Failed to decode TrafficCamNet from etlt to ONNX

Please provide the following information when requesting support.

• Hardware - GeForce RTX 3050
• Network Type - TrafficCamNet
• TLT Version - nvcr.io/nvidia/tao/tao-toolkit:5.0.0-tf1.15.5
• Training spec file(If have, please share here)
• How to reproduce the issue ? (This is for errors.
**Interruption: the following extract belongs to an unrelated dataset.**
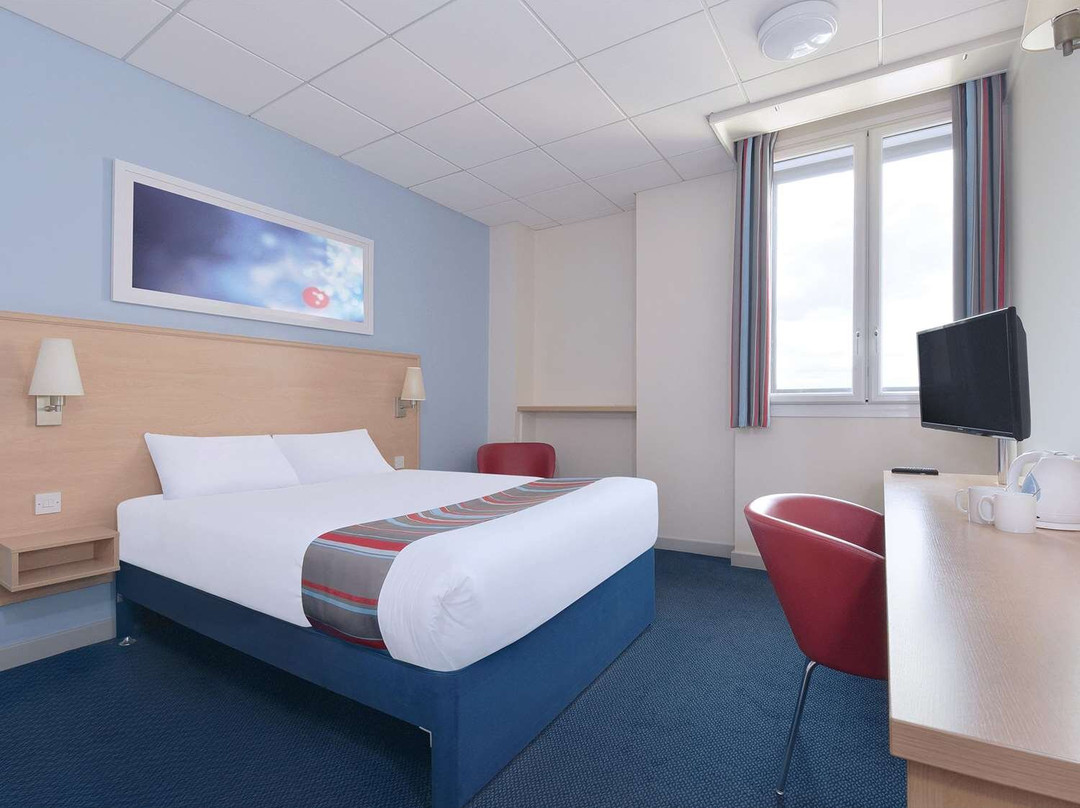Travelodge Kinross M90 Hotel主图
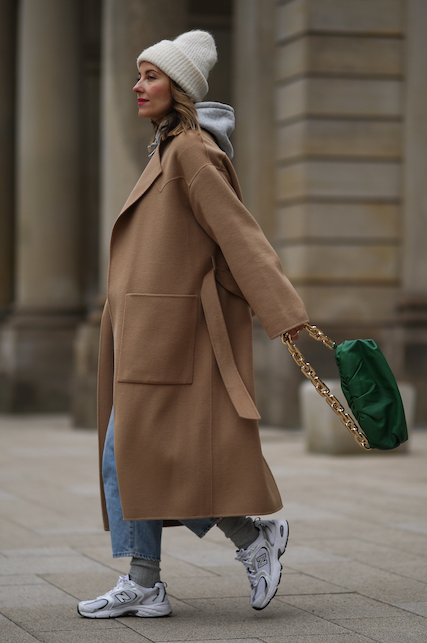 How to wear the camel coat in the fall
Please share the command line and the detailed log here.)

I followed the advice shared Fpenet retraining output file onnx but deepstream is using tlt - #12 by Morganh for decoding an etlt file to onnx.

steps to reproduce

  1. downloaded the etlt file using
wget --content-disposition 'https://api.ngc.nvidia.com/v2/models/org/nvidia/team/tao/trafficcamnet/pruned_v1.0.3/files?redirect=true&path=resnet18_trafficcamnet_pruned.etlt' -O resnet18_trafficcamnet_pruned.etlt
  1. started the container and mounted the folder with the file and a following script
import argparse
import struct
# import encoding
from nvidia_tao_tf1.encoding import encoding

def parse_command_line(args):
    '''Parse command line arguments.'''
    parser = argparse.ArgumentParser(description='ETLT Decode Tool')
    parser.add_argument('-m',
                        '--model',
                        type=str,
                        required=True,
                        help='Path to the etlt file.')
    parser.add_argument('-o',
                        '--uff',
                        required=True,
                        type=str,
                        help='The path to the uff file.')
    parser.add_argument('-k',
                        '--key',
                        required=True,
                        type=str,
                        help='encryption key.')
    return parser.parse_args(args)


def decode(tmp_etlt_model, tmp_uff_model, key):
    with open(tmp_uff_model, 'wb') as temp_file, open(tmp_etlt_model, 'rb') as encoded_file:
        size = encoded_file.read(4)
        size = struct.unpack("<i", size)[0]
        input_node_name = encoded_file.read(size)
        encoding.decode(encoded_file, temp_file, key.encode())


def main(args=None):
    args = parse_command_line(args)
    decode(args.model, args.uff, args.key)
    print("Decode successfully.")


if __name__ == "__main__":
    main()
  1. decoded the etlt file using the command
python decode_etlt.py -m trafficcamnet/resnet18_trafficcamnet_pruned.etlt -o trafficcamnet/trafficcamnet.onnx -k tlt_encode

which printed
Decode successfully.

  1. started a python console which has onnx_runtime installed and run the commands
import onnxruntime as ort
trafficcamnet_path = "trafficcamnet/trafficcamnet.onnx"
session = ort.InferenceSession(trafficcamnet_path)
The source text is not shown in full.